Start of DATA PROVIDED

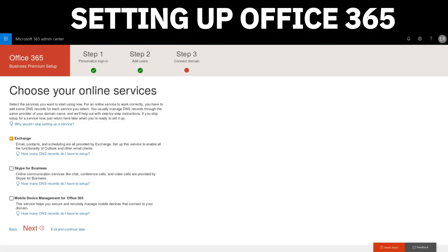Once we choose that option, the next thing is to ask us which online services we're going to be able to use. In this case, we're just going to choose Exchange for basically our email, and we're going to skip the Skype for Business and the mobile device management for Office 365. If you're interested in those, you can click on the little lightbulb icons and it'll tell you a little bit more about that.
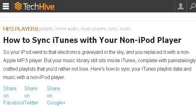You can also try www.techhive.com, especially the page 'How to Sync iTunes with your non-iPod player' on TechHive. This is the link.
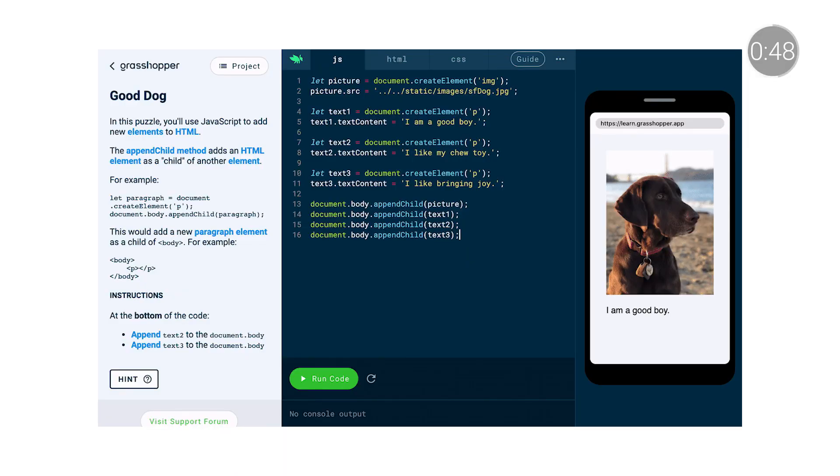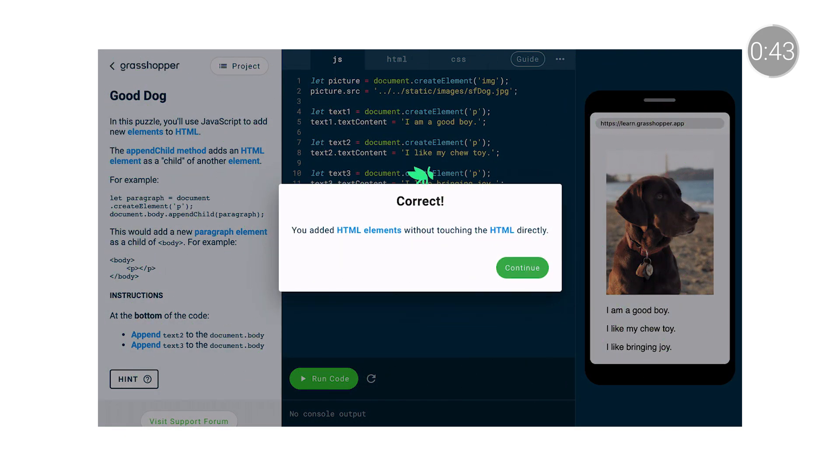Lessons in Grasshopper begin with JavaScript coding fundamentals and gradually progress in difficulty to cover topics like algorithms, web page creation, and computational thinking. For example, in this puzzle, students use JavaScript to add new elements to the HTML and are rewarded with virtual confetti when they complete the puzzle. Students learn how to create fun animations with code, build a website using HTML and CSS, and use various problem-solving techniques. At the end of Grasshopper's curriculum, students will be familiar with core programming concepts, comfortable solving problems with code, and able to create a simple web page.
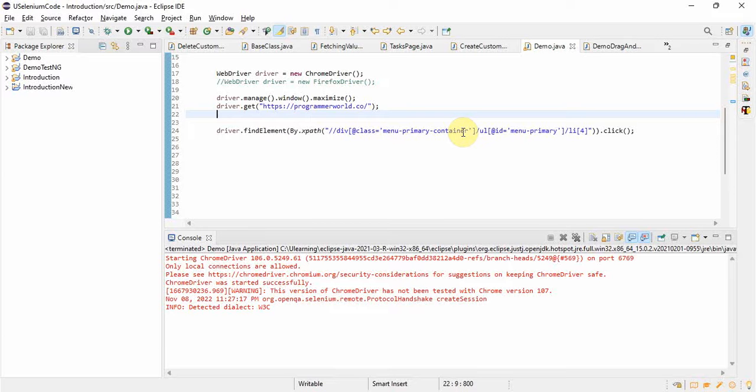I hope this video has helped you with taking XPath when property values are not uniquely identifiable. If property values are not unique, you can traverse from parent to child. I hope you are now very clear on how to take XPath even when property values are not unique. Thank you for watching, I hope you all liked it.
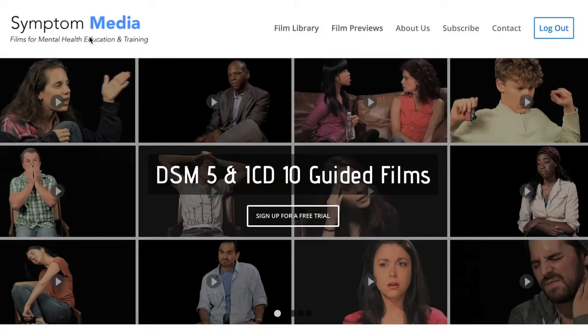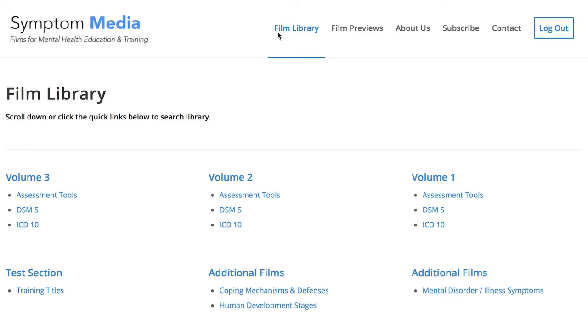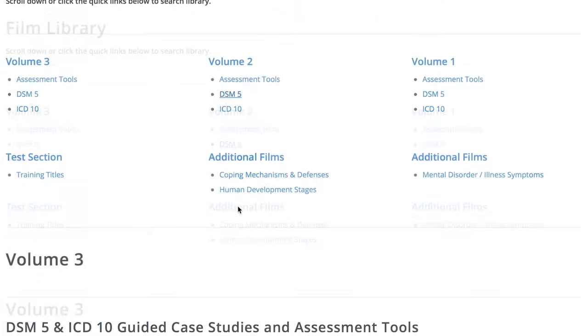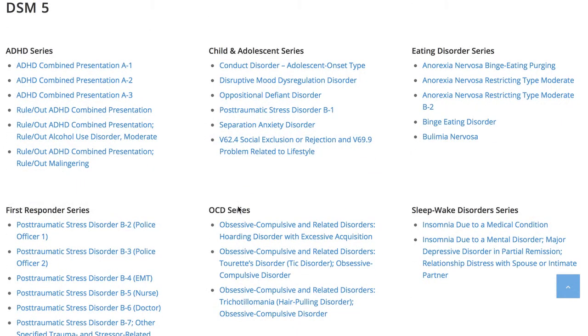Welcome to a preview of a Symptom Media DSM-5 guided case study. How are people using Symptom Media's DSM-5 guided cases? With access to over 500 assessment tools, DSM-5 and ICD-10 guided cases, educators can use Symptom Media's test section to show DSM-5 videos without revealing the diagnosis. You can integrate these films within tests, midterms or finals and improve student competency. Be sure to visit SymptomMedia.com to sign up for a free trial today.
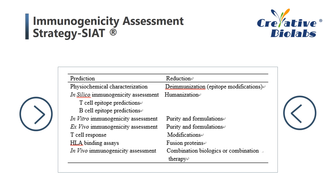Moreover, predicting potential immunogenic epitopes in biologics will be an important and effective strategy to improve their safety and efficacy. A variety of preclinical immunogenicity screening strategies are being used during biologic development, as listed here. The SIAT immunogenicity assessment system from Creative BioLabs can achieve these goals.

End of DATA PROVIDED
Start of DATA PROVIDED

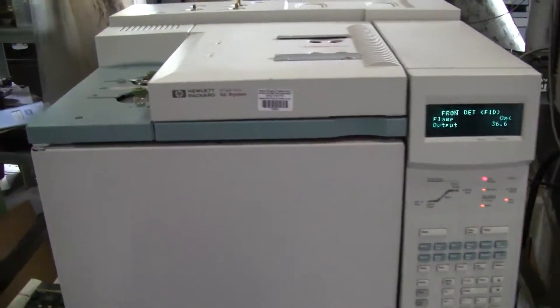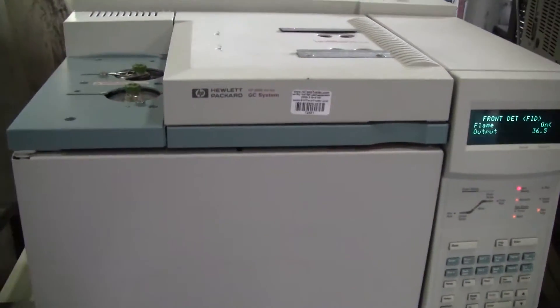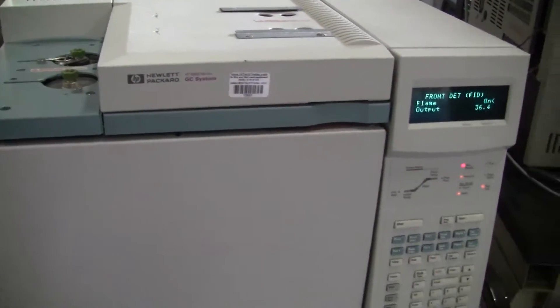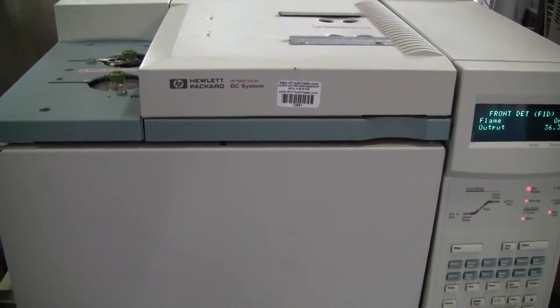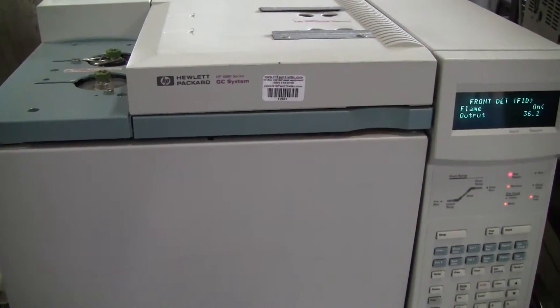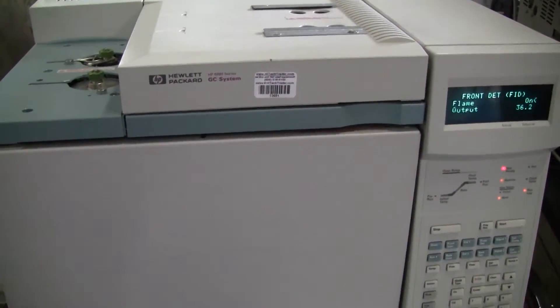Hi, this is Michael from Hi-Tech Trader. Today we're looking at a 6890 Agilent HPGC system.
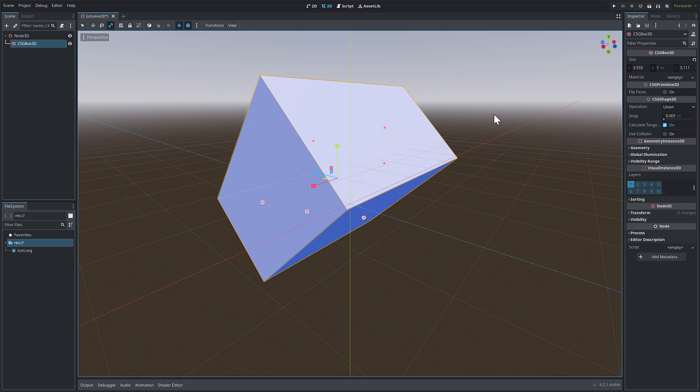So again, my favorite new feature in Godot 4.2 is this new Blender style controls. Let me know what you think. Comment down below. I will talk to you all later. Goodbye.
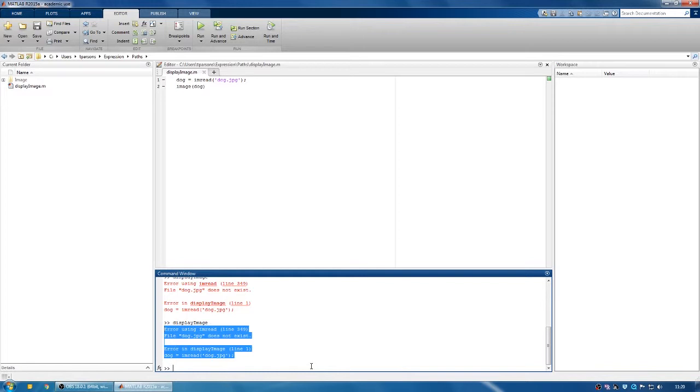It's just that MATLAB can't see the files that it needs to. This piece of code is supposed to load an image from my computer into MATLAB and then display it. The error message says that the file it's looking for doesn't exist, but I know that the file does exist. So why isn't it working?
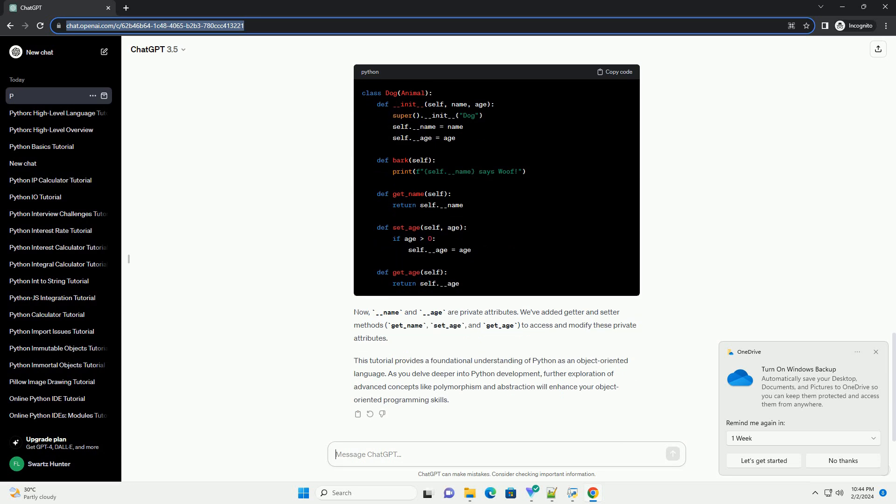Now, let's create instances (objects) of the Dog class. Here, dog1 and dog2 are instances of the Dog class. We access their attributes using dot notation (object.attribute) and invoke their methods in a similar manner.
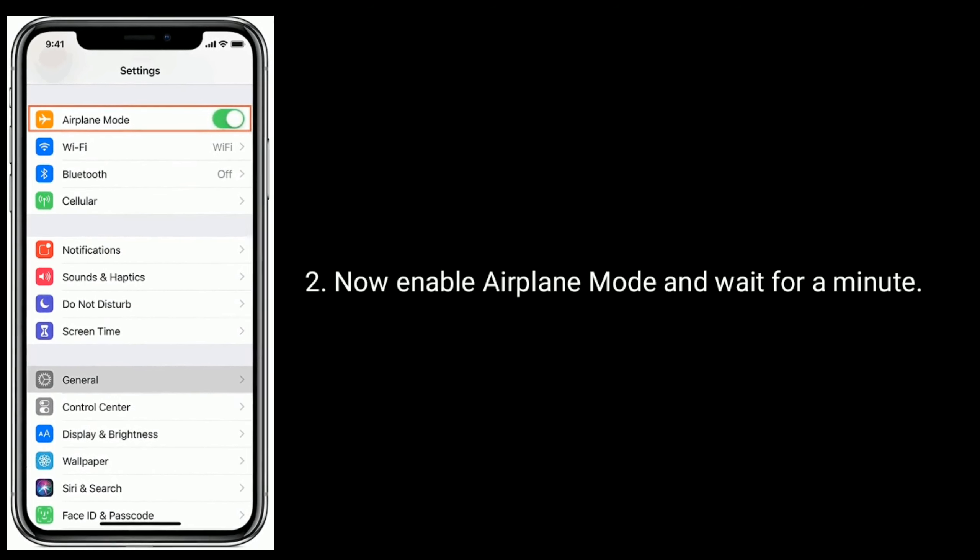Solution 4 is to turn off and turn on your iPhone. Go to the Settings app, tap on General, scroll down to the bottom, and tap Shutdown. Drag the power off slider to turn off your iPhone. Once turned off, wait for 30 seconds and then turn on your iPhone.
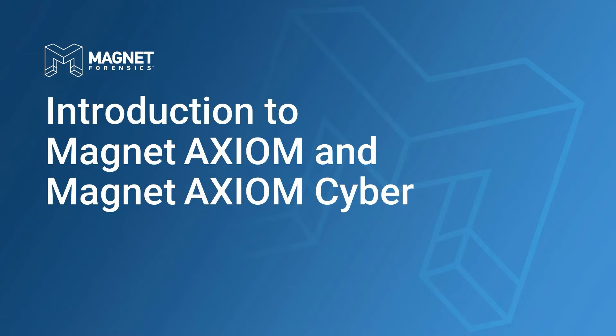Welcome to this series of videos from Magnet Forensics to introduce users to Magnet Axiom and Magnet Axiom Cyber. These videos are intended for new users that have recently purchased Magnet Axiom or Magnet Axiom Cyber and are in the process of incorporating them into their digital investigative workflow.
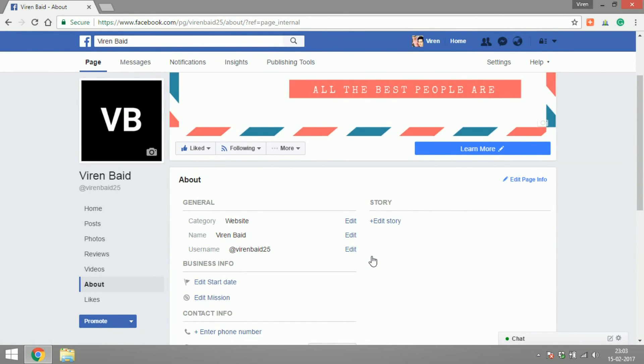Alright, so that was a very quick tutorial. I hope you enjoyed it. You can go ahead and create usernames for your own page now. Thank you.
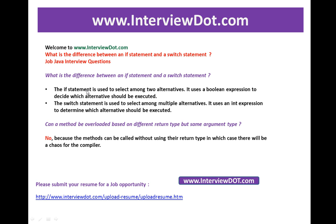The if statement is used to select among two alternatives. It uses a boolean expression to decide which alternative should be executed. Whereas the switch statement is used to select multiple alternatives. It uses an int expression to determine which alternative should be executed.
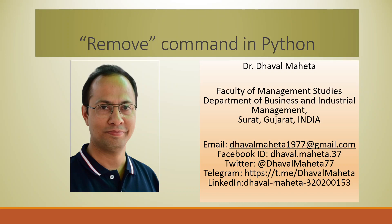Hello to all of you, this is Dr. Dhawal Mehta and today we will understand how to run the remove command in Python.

End of DATA PROVIDED

[EXERCISE DETAILS] All that should be printed is the run of lines above from the one with "Alright, so that" through the one with "Hello to all", both included, exactly as given, with pictures left out.

[SOLUTION TO THIS TASK]
Alright, so that was a very quick tutorial. I hope you enjoyed it. You can go ahead and create usernames for your own page now. Thank you.
The if statement is used to select among two alternatives. It uses a boolean expression to decide which alternative should be executed. Whereas the switch statement is used to select multiple alternatives. It uses an int expression to determine which alternative should be executed.
Hello to all of you, this is Dr. Dhawal Mehta and today we will understand how to run the remove command in Python.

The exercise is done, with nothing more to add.